Most DeFi protocols perform partial liquidations. They sell only enough collateral to bring your position back to a safe LTV. You do not necessarily lose all your collateral. However, in extreme market conditions (very rapid price drops), full liquidation is possible.

How to avoid liquidation

  • Borrow conservatively: Instead of borrowing at 75% LTV, borrow at 40-50%. This gives you a large buffer.
  • Monitor your position: Check your LTV regularly, especially during volatile markets.
  • Set up alerts: Many platforms and third-party tools offer alerts when your LTV reaches concerning levels.
  • Have a plan: Keep some stablecoins available to repay part of your loan if needed, or additional Bitcoin to top up your collateral.
  • Add collateral proactively: If Bitcoin's price is dropping, adding more collateral before you reach the liquidation threshold can save your position.

Bitcoin Tokenization: BTC on EVM Chains

A technical but important detail: most DeFi lending protocols run on Ethereum Virtual Machine (EVM) compatible blockchains, not on the Bitcoin blockchain itself. To use Bitcoin in these protocols, it needs to be "wrapped" or tokenized.

Common tokenized Bitcoin forms

  • wBTC (Wrapped Bitcoin): The oldest and most widely used tokenized Bitcoin. Each wBTC is backed 1:1 by real BTC held in custody. Available on Ethereum and multiple Layer 2 networks.
  • cbBTC (Coinbase Bitcoin): Coinbase's wrapped Bitcoin product. Backed 1:1 by BTC held by Coinbase. Growing in popularity, especially on BASE (Coinbase's L2 network).
  • BTCB (Binance-Pegged Bitcoin): Bitcoin tokenized on BNB Smart Chain by Binance. Backed 1:1 by BTC in Binance's reserves.

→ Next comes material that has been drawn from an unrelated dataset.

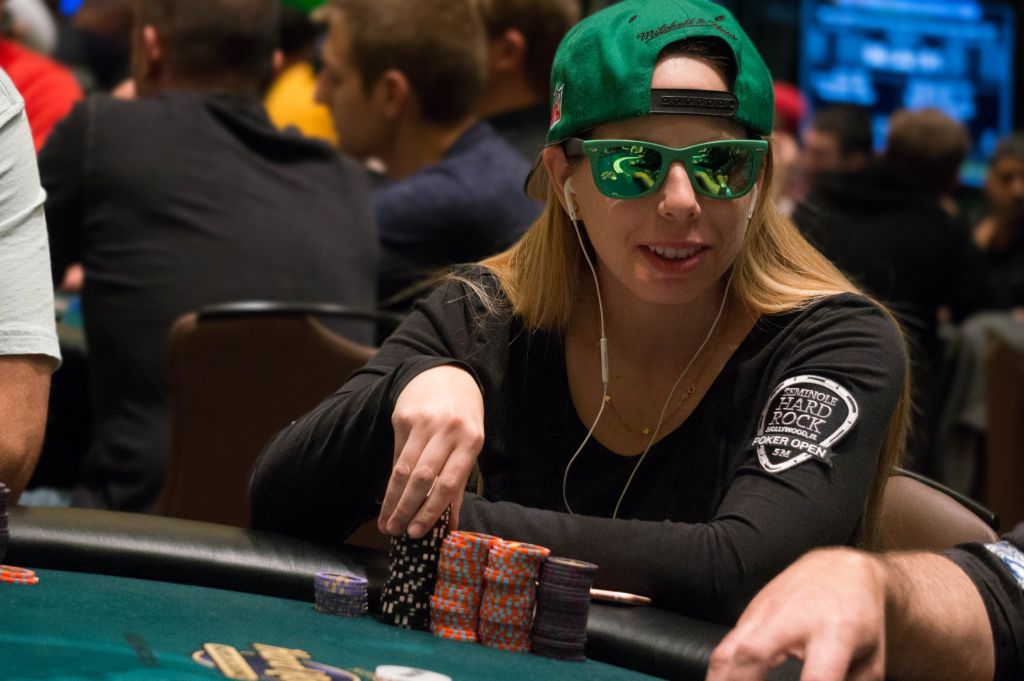 Loni Harwood eliminated by Raymond Ruszkowski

All of these are supported as collateral on Borrow by Sats Terminal, giving you flexibility to use whichever form of tokenized Bitcoin you already hold or can most easily acquire.

How tokenization works

The process varies by provider, but the general concept is:

  1. Bitcoin is deposited with a custodian (like BitGo for wBTC, Coinbase for cbBTC).
  2. The custodian locks the BTC and mints an equivalent ERC-20 token on the target blockchain.
  3. The token can be used in DeFi protocols just like any other blockchain asset.
  4. When redeemed, the token is burned and the underlying BTC is released.

Interest Rates on Bitcoin-Backed Loans

Understanding how interest works helps you plan your borrowing costs.

How DeFi rates are set

In DeFi, borrowing rates are determined algorithmically based on pool utilization. When lots of people are borrowing stablecoins and the pool is heavily utilized, rates go up. When there is excess supply and low demand, rates go down. Rates can change continuously.

Typical ranges

Bitcoin-backed stablecoin borrowing rates in DeFi typically range from 1% to 10% APR (annual percentage rate), though they can spike higher during periods of extreme demand. Factors that influence rates include:

  • Overall market conditions
  • Demand for stablecoin borrowing
  • Supply of stablecoins in lending pools
  • The specific protocol and blockchain network

Rate comparison matters

Because rates differ across protocols and chains, comparing before you borrow can save significant money. A 2% difference in APR on a $100,000 loan equals $2,000 per year.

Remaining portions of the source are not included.